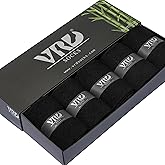 VRD Mens Dress Socks, Bamboo Rayon 5-Pack, Black Crew Length Mid-Calf Socks for Men Shoe Size 8-13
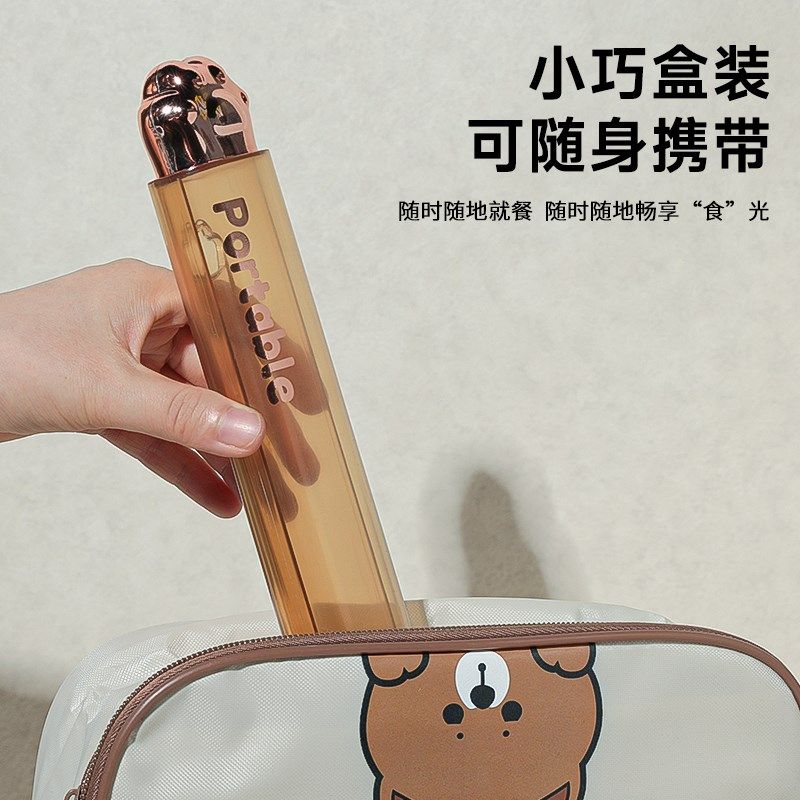 儿童筷子勺子套装实木学生可爱便携餐具木质筷不锈钢勺三件套,餐饮具,便携/折叠餐具,淘宝优惠券,粉丝福利购,淘宝优惠卷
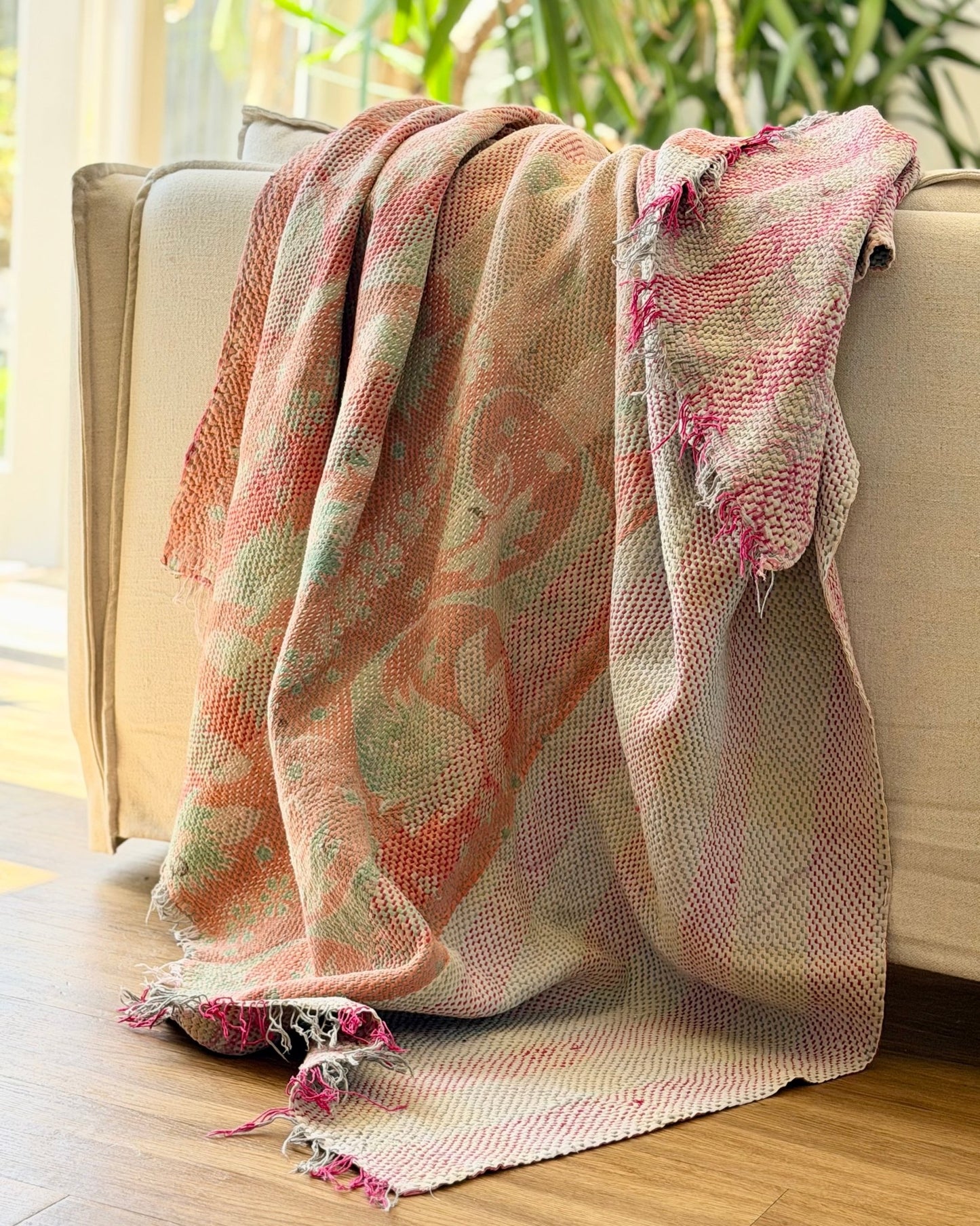 Heavy Kantha Blanket Quilt With Pink Stripes - Biggs & Hill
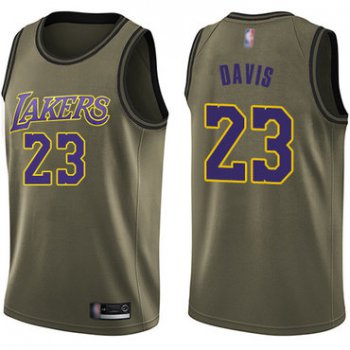 Youth Lakers #23 Anthony Davis Green Basketball Swingman Salute to Service Jersey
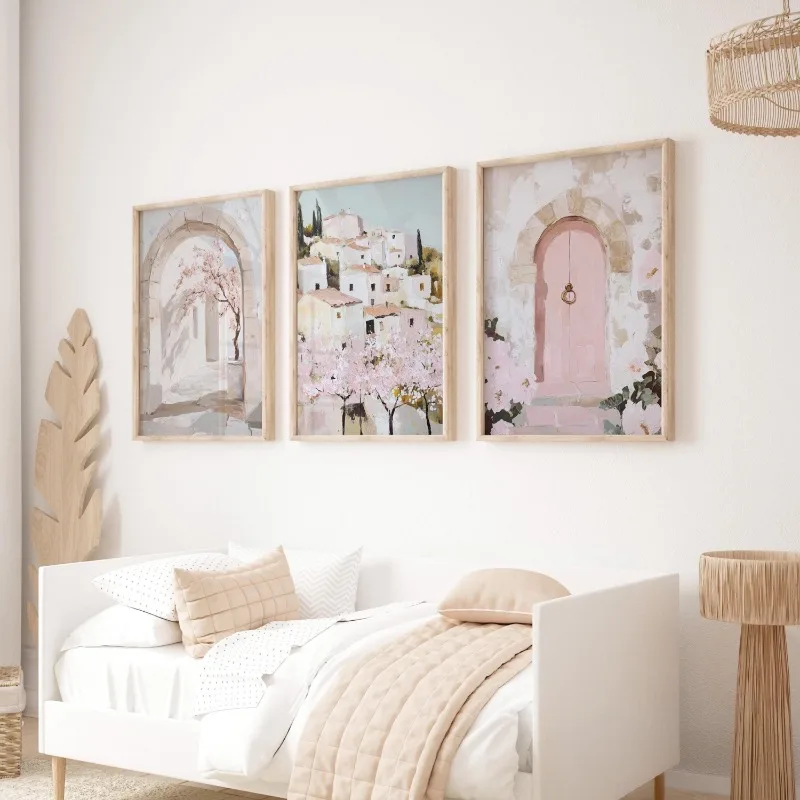 3pcs Soft Pastel Mediterranean Village Wall Art Prints Pink Blossom Arch Door Cozy Cottage Aesthetic Unframed Canvas Painting
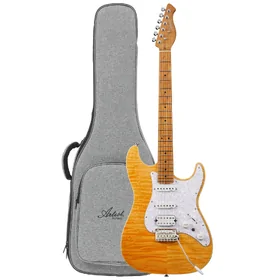 Artist AS30 Natural Flame Electric Guitar w/ HSS Pickups & Padded Bag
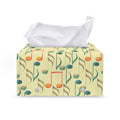 Watercolor Music Notes Pattern Print Leather Tissue Box Cover
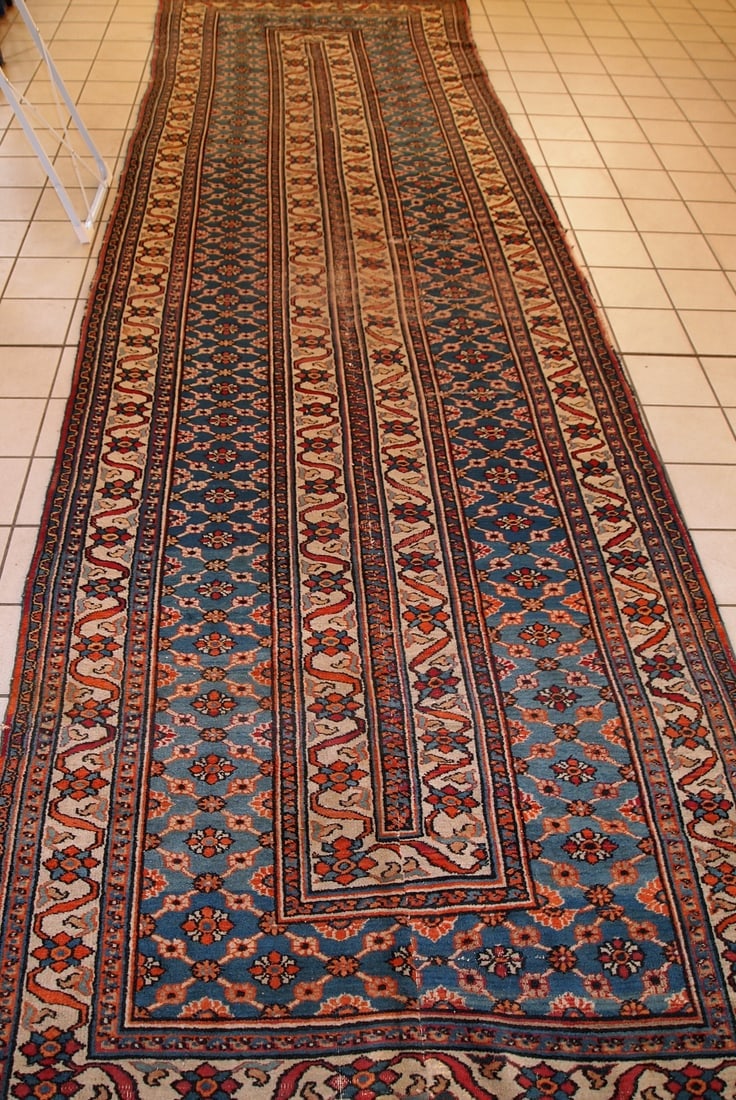 Handmade antique Persian Mashad runner 4.3' x 14' (132cm x 427cm) 1900s - 9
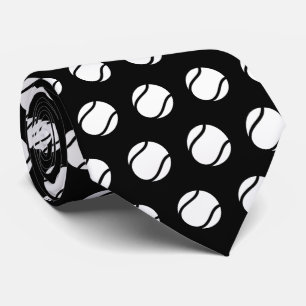 Black and White Tennis Ball Pattern Athletic Style Tie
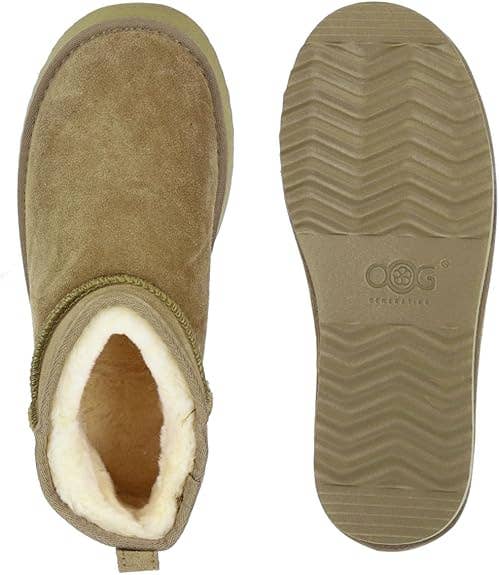 Vert OB5888 OOG Bottes en cuir pour femmes avec fourrure Teddy Vert en vente sur Faire3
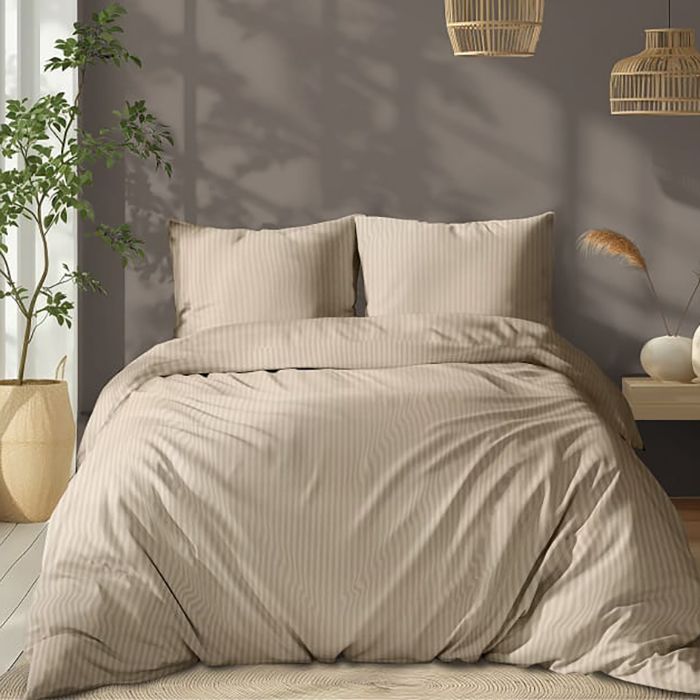 Pure Collection damasko medvilnės patalynė Sand Beige, 200x220, 70x80 cm||TavoSapnas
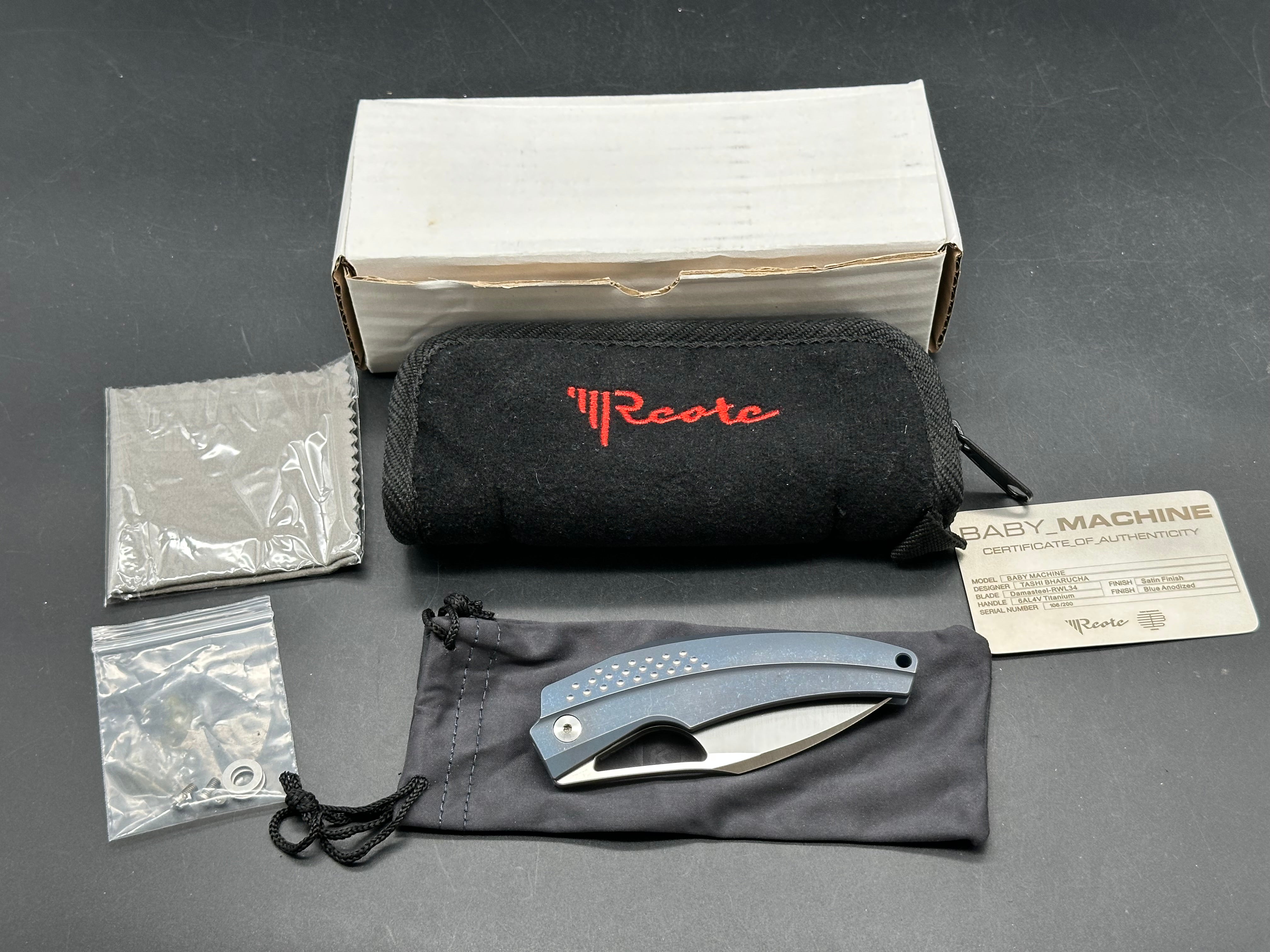 Reate Baby Machine: Tashi Bharucha design. 3.25 inch freeze edged, satin, sheepsfoot, clip point RWL-34 blade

============================================================

**What is expected:** With the pictures left out, return the listing above exactly as it stands.

**Written solution:**
 VRD Mens Dress Socks, Bamboo Rayon 5-Pack, Black Crew Length Mid-Calf Socks for Men Shoe Size 8-13
 儿童筷子勺子套装实木学生可爱便携餐具木质筷不锈钢勺三件套,餐饮具,便携/折叠餐具,淘宝优惠券,粉丝福利购,淘宝优惠卷
 Heavy Kantha Blanket Quilt With Pink Stripes - Biggs & Hill
 Youth Lakers #23 Anthony Davis Green Basketball Swingman Salute to Service Jersey
 3pcs Soft Pastel Mediterranean Village Wall Art Prints Pink Blossom Arch Door Cozy Cottage Aesthetic Unframed Canvas Painting
 Artist AS30 Natural Flame Electric Guitar w/ HSS Pickups & Padded Bag
 Watercolor Music Notes Pattern Print Leather Tissue Box Cover
 Handmade antique Persian Mashad runner 4.3' x 14' (132cm x 427cm) 1900s - 9
 Black and White Tennis Ball Pattern Athletic Style Tie
 Vert OB5888 OOG Bottes en cuir pour femmes avec fourrure Teddy Vert en vente sur Faire3
 Pure Collection damasko medvilnės patalynė Sand Beige, 200x220, 70x80 cm||TavoSapnas
 Reate Baby Machine: Tashi Bharucha design. 3.25 inch freeze edged, satin, sheepsfoot, clip point RWL-34 blade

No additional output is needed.